Since it’s a standalone function call, it has to do more work. There are no less than five chained (pointer-chasing) memory accesses. Only two of those accesses remained in the fast loop, because the rest were hoisted up and out of the loop. The input to output latency of this function is probably close to 25 cycles, so out measured throughput of ~7 cycles means that the CPU was able to run several copies in parallel, not too terrible all things considered.

Why does this happen?

Through a long series of includes, C++ files like <algorithm> include <bits/os_defines.h> which has this line:

// This keeps isanum, et al from being propagated as macros.
#define __NO_CTYPE 1

When <ctype.h> is ultimately included, this prevents the block containing the extern inline definition of toupper from being included:

#if !defined __NO_CTYPE
# ifdef __isctype_f
__isctype_f (alnum)
// lots more like this
__isctype_f (xdigit)
# elif defined __isctype
# define isalnum(c)	__isctype((c), _ISalnum)
# define isalpha(c)	__isctype((c), _ISalpha)
// more like this
# endif

// the stuff we care about
__extern_inline int
__NTH (tolower (int __c))
  return __c >= -128 && __c < 256 ? (*__ctype_tolower_loc ())[__c] : __c;

__extern_inline int
__NTH (toupper (int __c))
  return __c >= -128 && __c < 256 ? (*__ctype_toupper_loc ())[__c] : __c;
# endif

// here's where tolower is defined as a macro
# if __GNUC__ >= 2 && defined __OPTIMIZE__ && !defined __cplusplus
#  define tolower(c)	__tobody (c, tolower, *__ctype_tolower_loc (), (c))
#  define toupper(c)	__tobody (c, toupper, *__ctype_toupper_loc (), (c))
# endif /* Optimizing gcc */

#endif /* Not __NO_CTYPE.  */

Note when including <ctype.h> C++ toupper is never defined as a macro - at most it is extern inline - the macro definitions below that are guarded by !defined __cplusplus so they’ll never take effect.

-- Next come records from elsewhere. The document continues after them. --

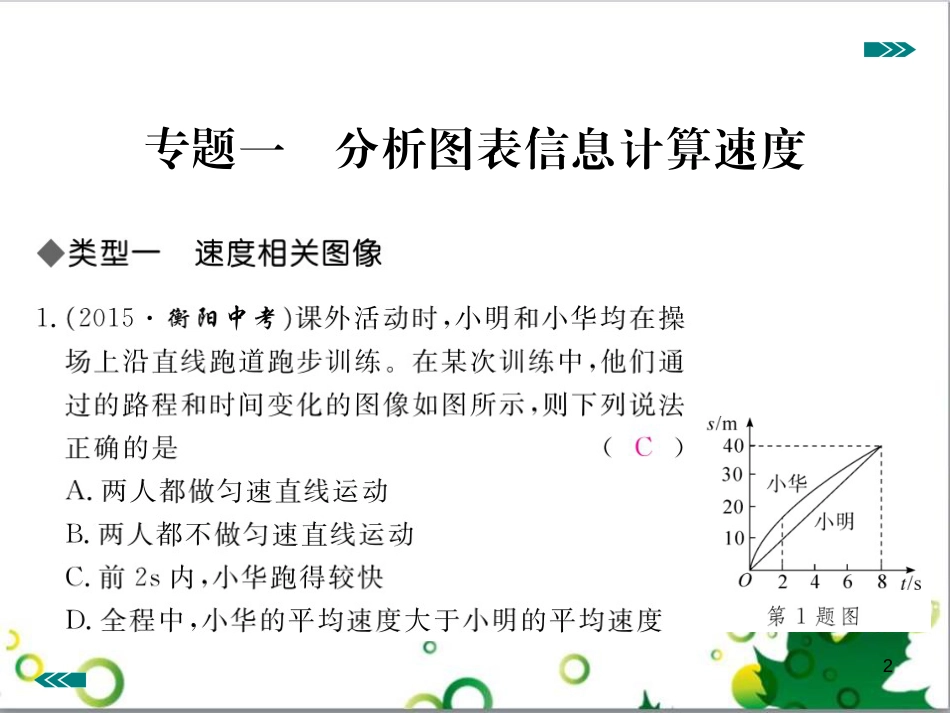 八年级英语上册 Module 12 Help主题写作课件 （新版）外研版 (263)_第2页
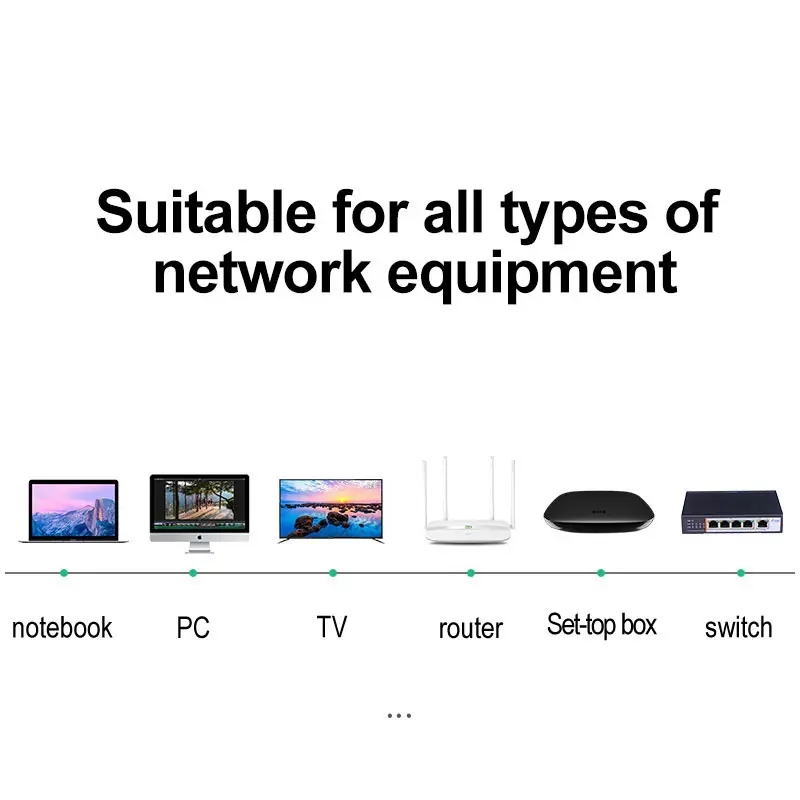 Cáp tròn Ethernet, Cat 8, Cáp mạng LAN Cat8 Rj45, Cáp phẳng 40Gbps, 26AWG, Dành cho bộ định tuyến, PC, PS4, TV, Máy tính xách tay, Tốc độ mạng lên đến 2000Mhz 5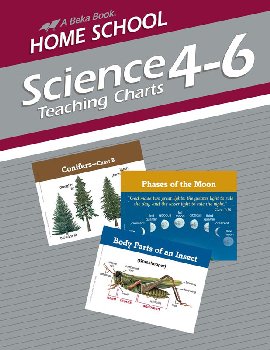 Science 4-6 Homeschool Teaching Charts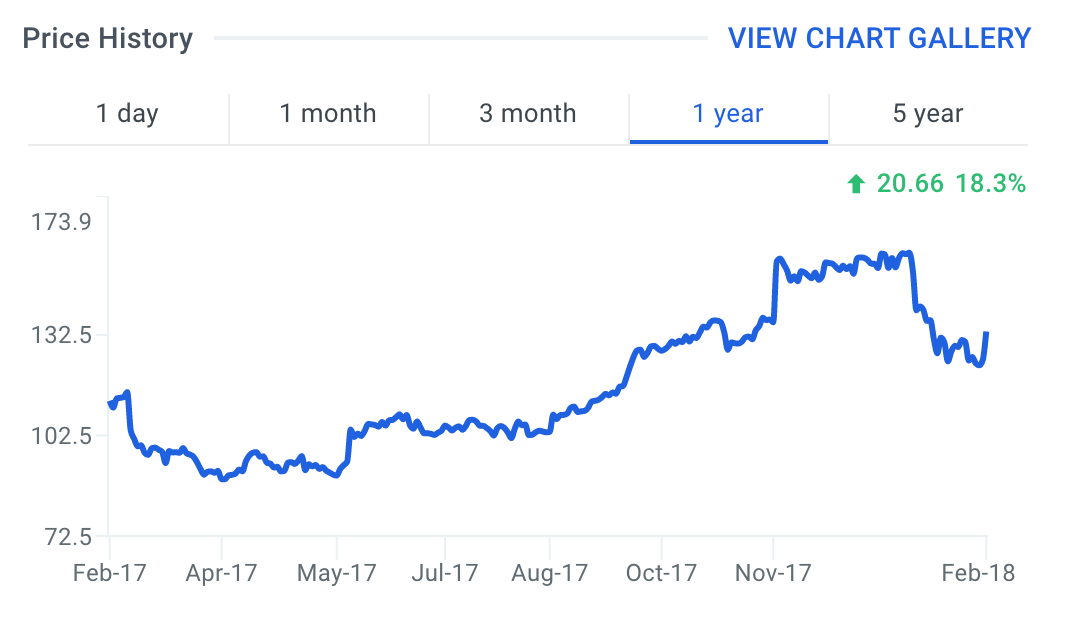 THO Stock Price Chart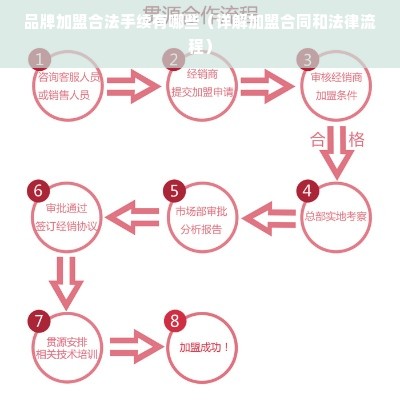 品牌加盟合法手续有哪些（详解加盟合同和法律流程）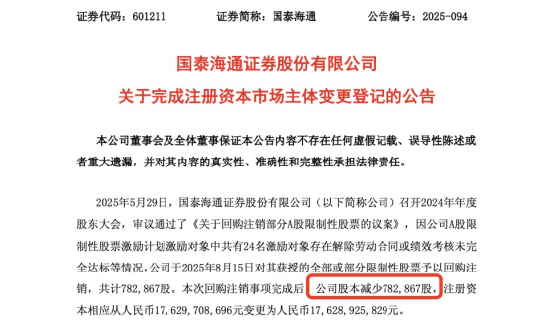 因24位员工离职或绩效未达标,国泰海通证券完回购注销78万股限制性股票,公司上半年员工人均月薪5.4万元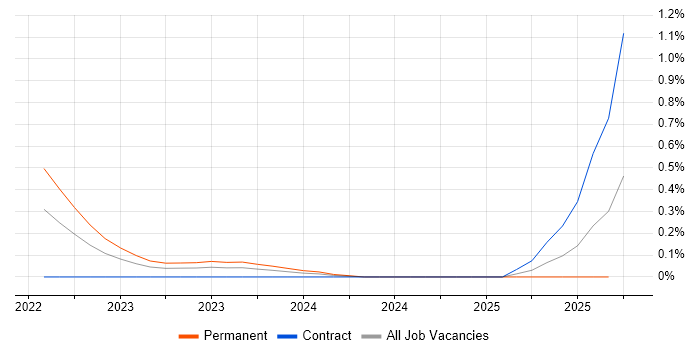 Data Science Leader job vacancy trend in Leeds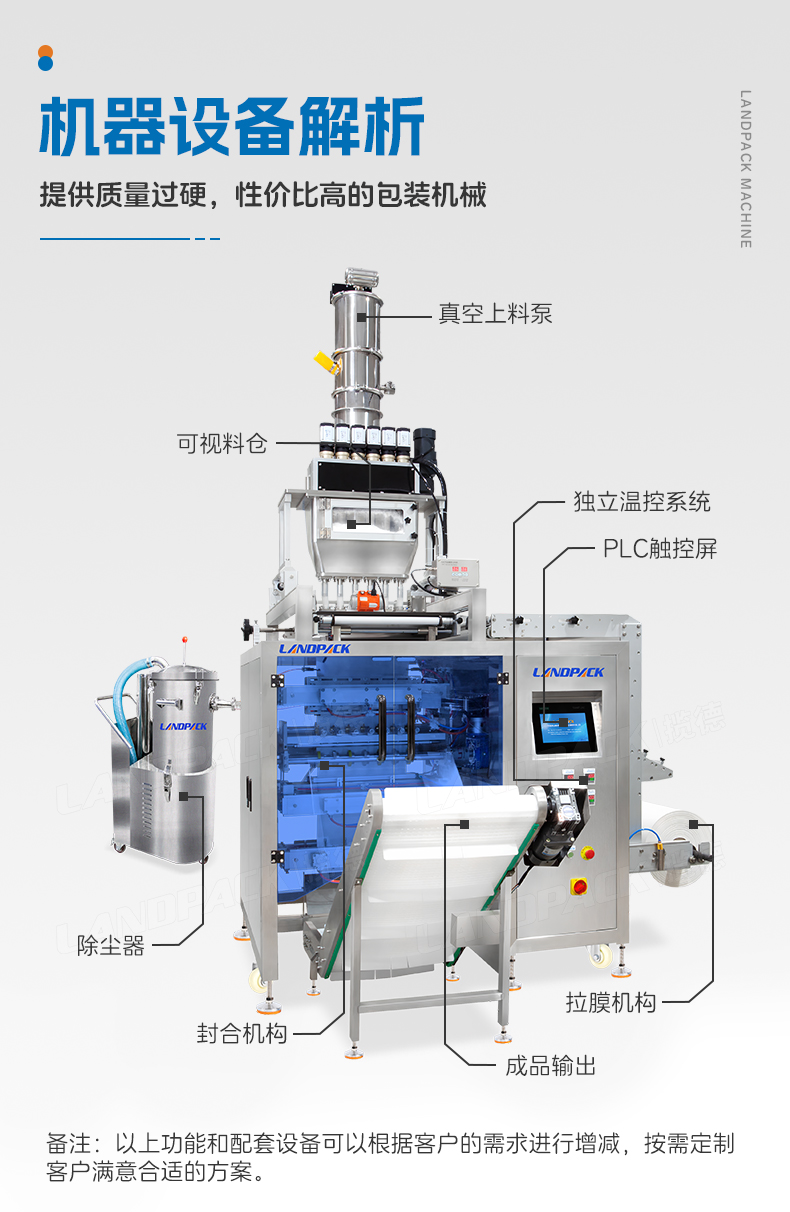 LDFS-960D-6列四邊封多列機(jī)+紙膜+除塵器+粉末+陳嘉欣-詳情頁(yè)_05.jpg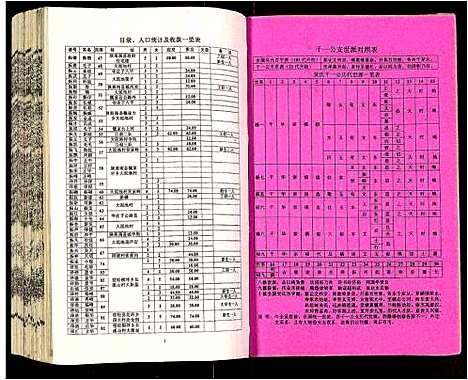 [吴]吴氏宗谱 (安徽) 吴氏家谱_A066.pdf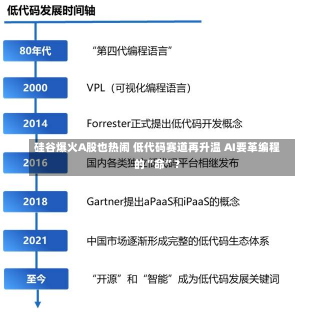 硅谷爆火A股也热闹 低代码赛道再升温 AI要革编程的“命”？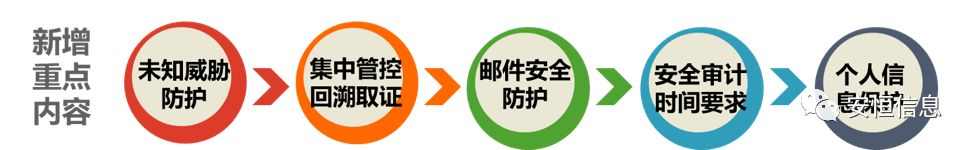 等保2.0变化 · 语雀 - 图4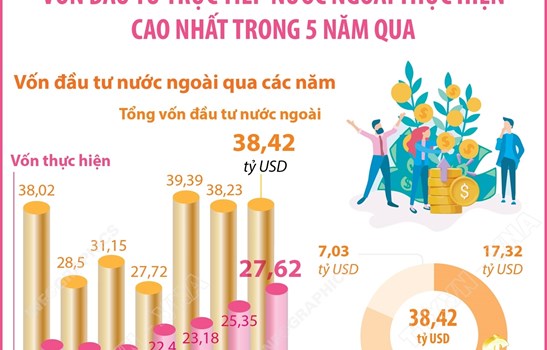 Năm 2025: Vốn đầu tư trực tiếp nước ngoài thực hiện cao nhất trong 5 năm qua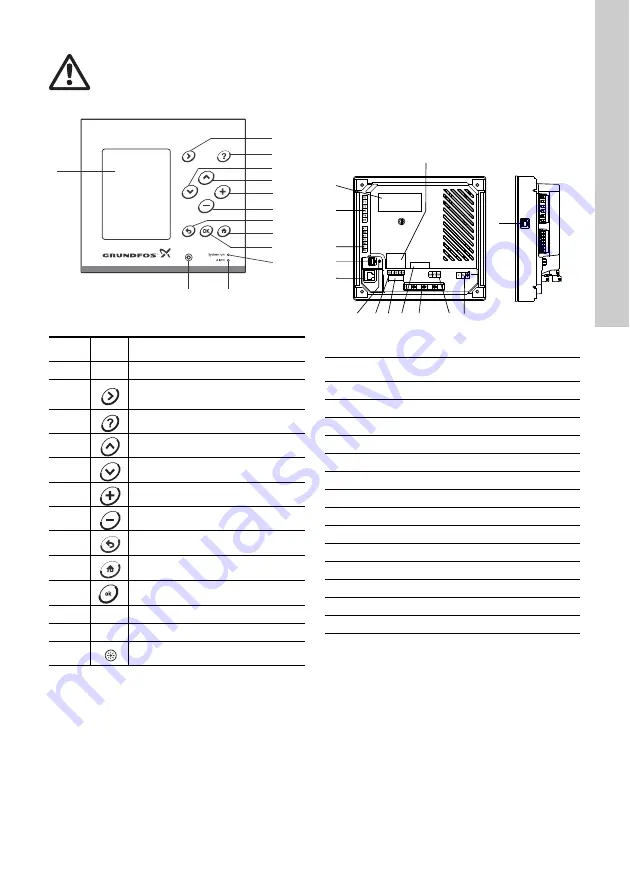 Grundfos CU 3 2 Series Installation And Operating Instructions Manual Download Page 285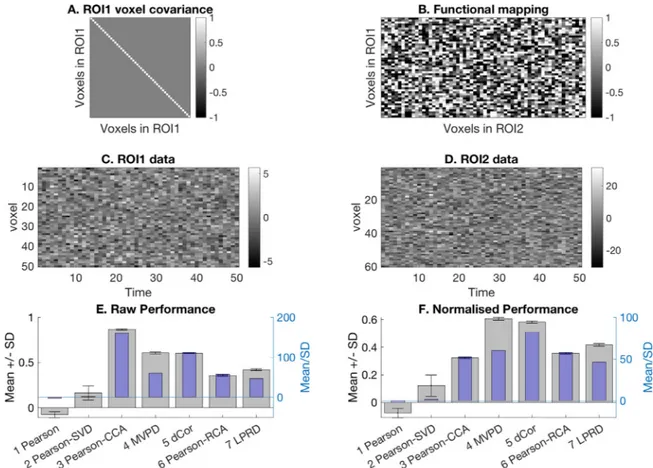 Fig. 5. In this example, the covariance matrix is the identity matrix that generates uncorrelated time series in ROI1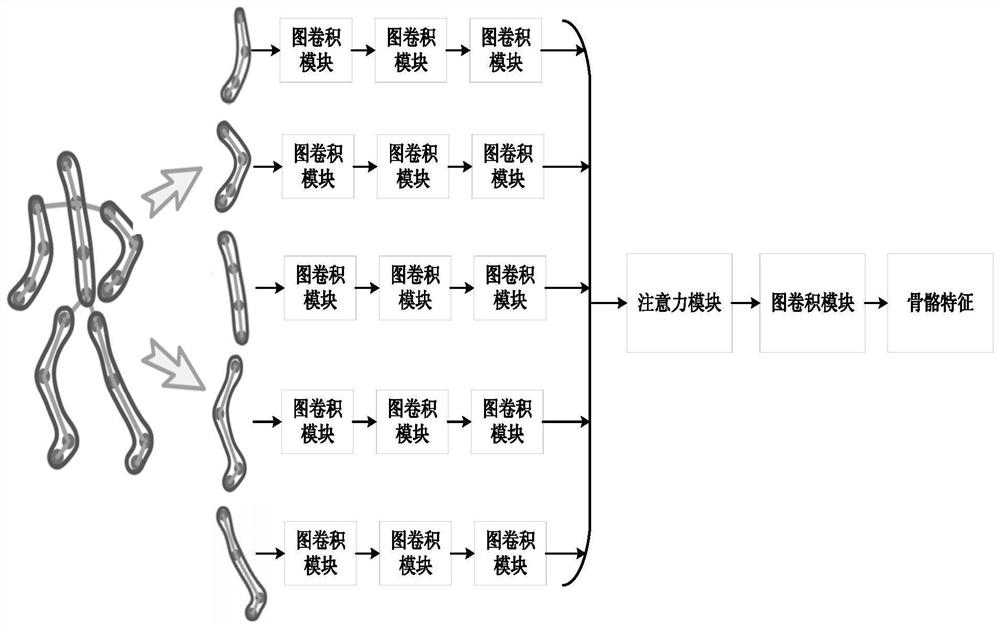 Multi-modal interaction behavior identification method based on RGB and three-dimensional skeleton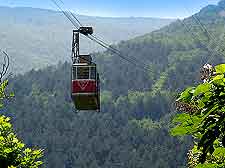 Photo showing popular cable car rides
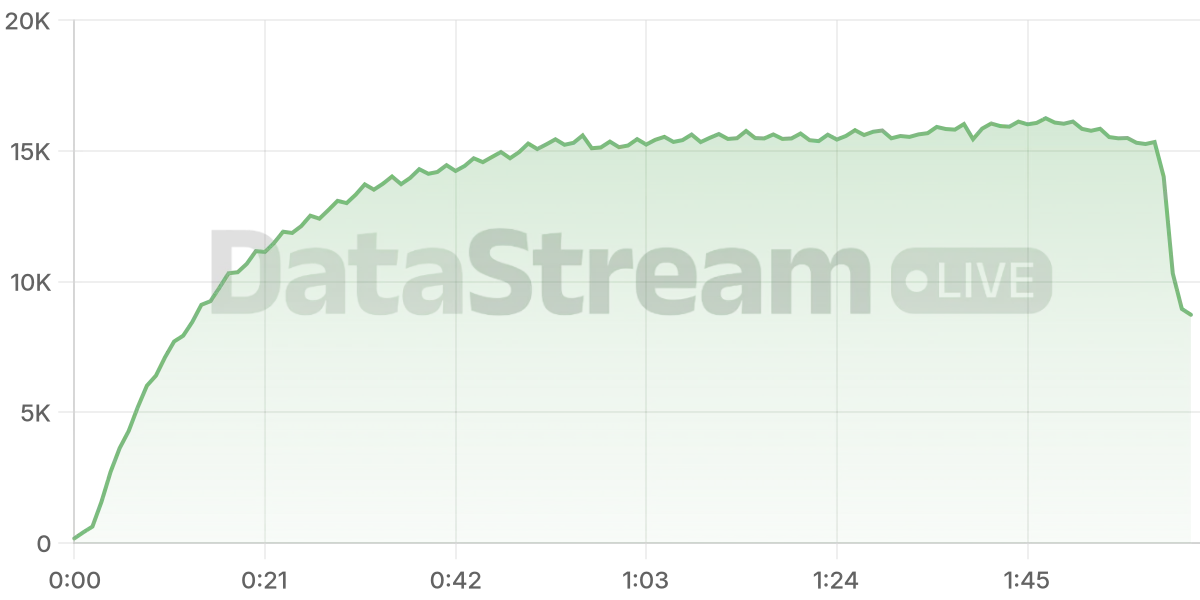 Grafico de conectados del stream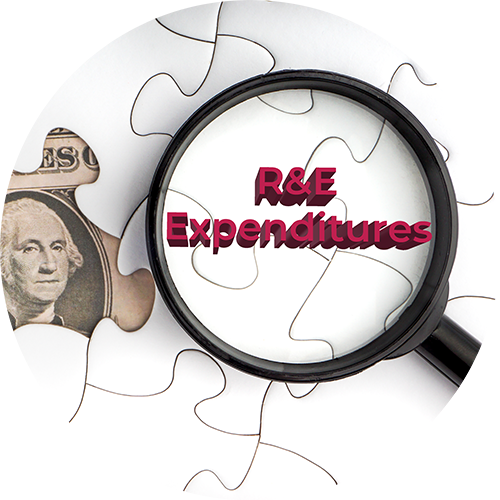 R&E Expenditures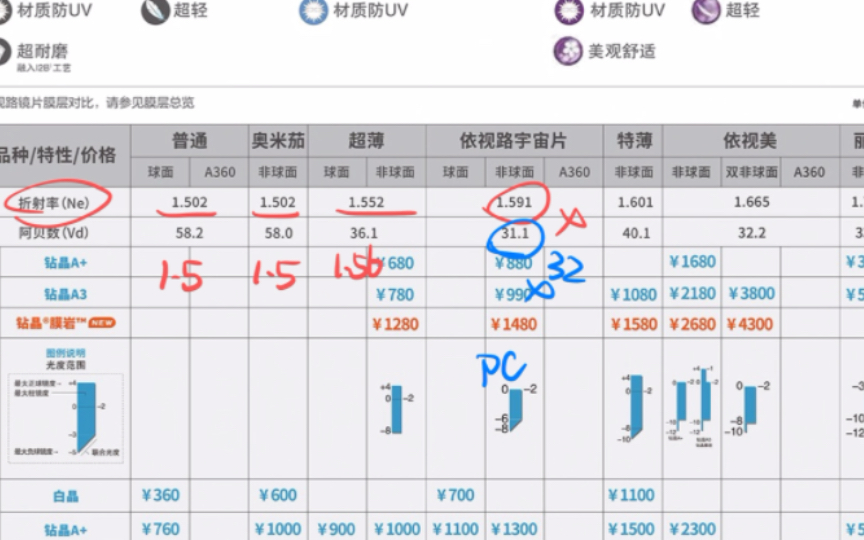 来看看你们对镜片折射率的误解有多深?1.50=1.56? 1.59=1.60?哔哩哔哩bilibili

So I’m not sure if the extern inline bodies of tolower and toupper are intended to be excluded by __NO_CTYPE in this case, but that’s what happens and this has a significant performance impact in this toy loop. As a corollary, if you include <cctype> rather than <ctype.h> (the C++ version of the C header which puts functions in the std:: namespace) you also get the slow behavior because <cctype> ultimately includes <bits/os_defines.h> .

Does this natter? Nah. toupper is broken for serious multilingual use and, if you only care about ASCII you can write your own faster function. If you care about proper text handling, you are probably using UTF-8 and you’ll have to use something like ICU to do locale-aware text handling, or wait for C++ to get Unicode support (you might be waiting a while). It’s only interesting in clickbait sense of “clang format can cause a 4x performance regression”.